Dr Choudhary, who had worked in World Health Organization (WHO) for several years as sub-regional coordinator, said that the human body immune system responds by producing antibodies in response to the virus and this is known as seroconversion. “Antibodies appear within one to two weeks and continue to increase in the months after infection. seroconversion takes place within three weeks in majority of infected individuals and the immune system’s capacity to fight the infection starts increasing,” he said.
Deliberating on the findings of the serocoversion study, Dr Choudhary said, “The seroconversion analysis of random samples of human beings, who were asymptomatic for Covid-19, in the past two-months exhibited that 18.6% had antibodies for the virus and was found heading towards herd immunity.
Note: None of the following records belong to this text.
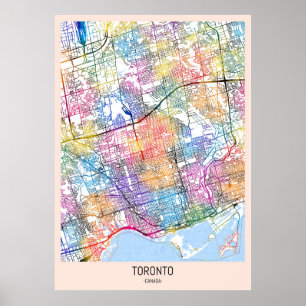 Toronto Canada City Karta Poster
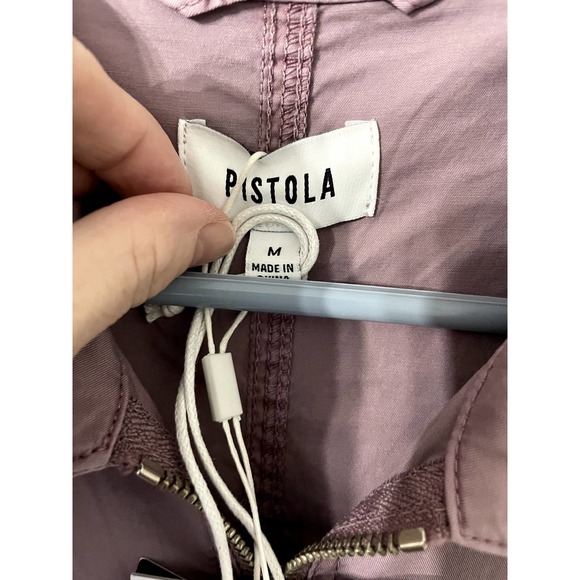 Pistola Meg Lilac Dust Zip Front Short Sleeve Drawstring Waist Romper Medium - Picture 6 of 8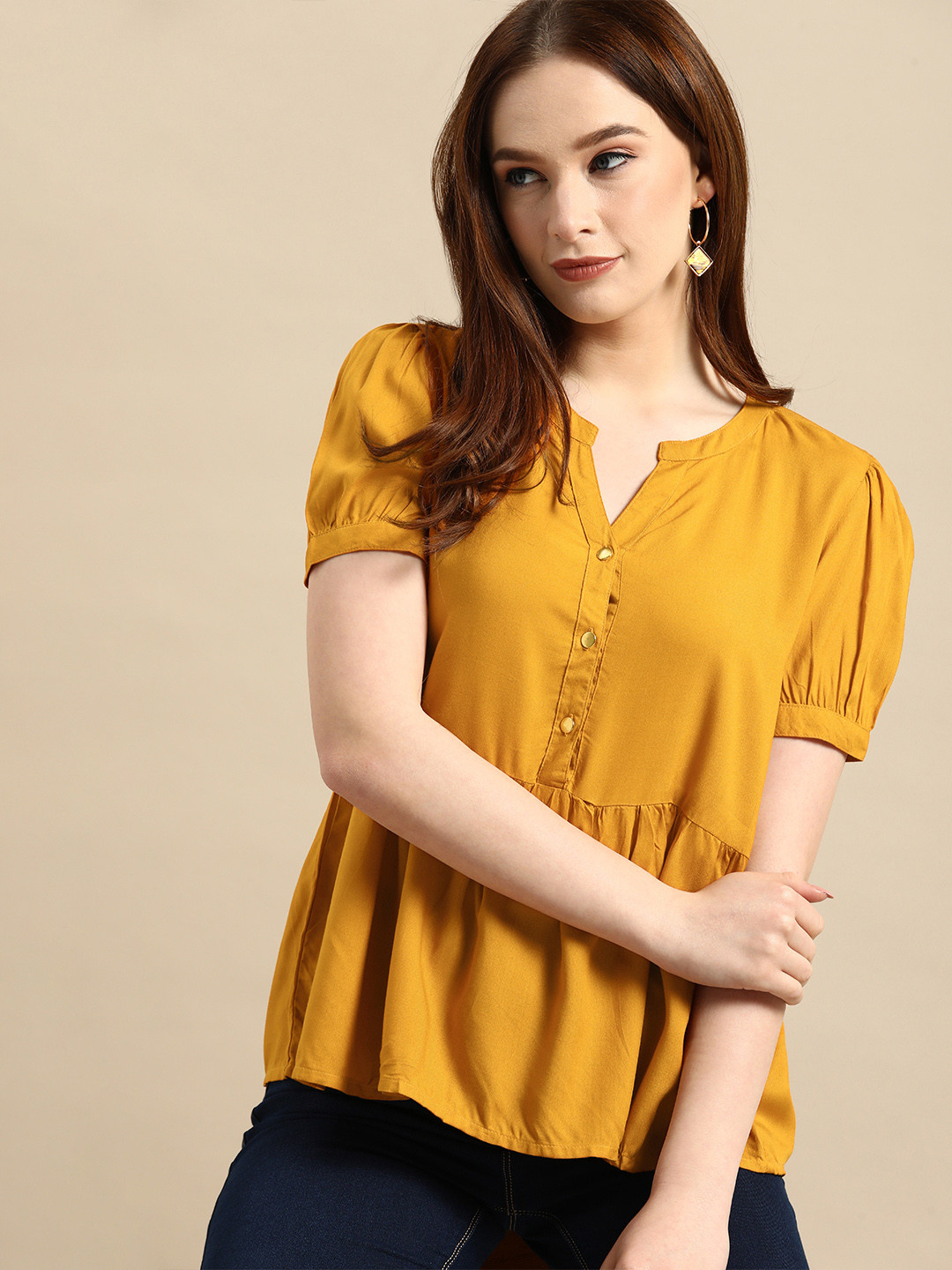 

all about you Women Mustard Yellow Solid Cinched Waist Top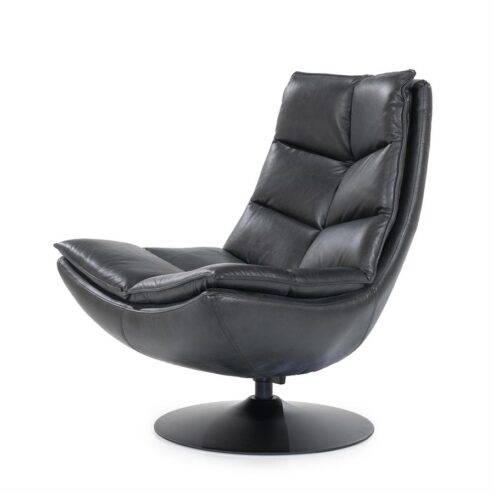 Fauteuil Sven - zwart boho leder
If the percentage increases to 70%, then the spread of Covid-19 will slow down.”
Dr Choudhary said that approximately 24,000 random samples from different states and union territories (UTs), including Covid hotspot cities like New Delhi, Mumbai, Thane, Goutam Budh Nagar (Noida), Hyderabad, Pune, Kolkata, Indore, Jaipur, Chennai, Ahmedabad, Surat, Patna, Bangalore and Gurugram among others were taken for seroconversion survey. “The data of seroconversion survey was released by Niti Aayog recently,” he said.
Dr Choudhary said there is no need to panic about Covid-19 pandemic but rather people need to follow the safety protocol for curbing its spread and keep oneself healthy to boost body immunity.
“Herd Immunity in human beings is the resistance to fight a contagious disease. It occurs when a large section of the community becomes immune to a disease. As a result, the spread of disease from person to person becomes unlikely and the whole community becomes protected,” he said.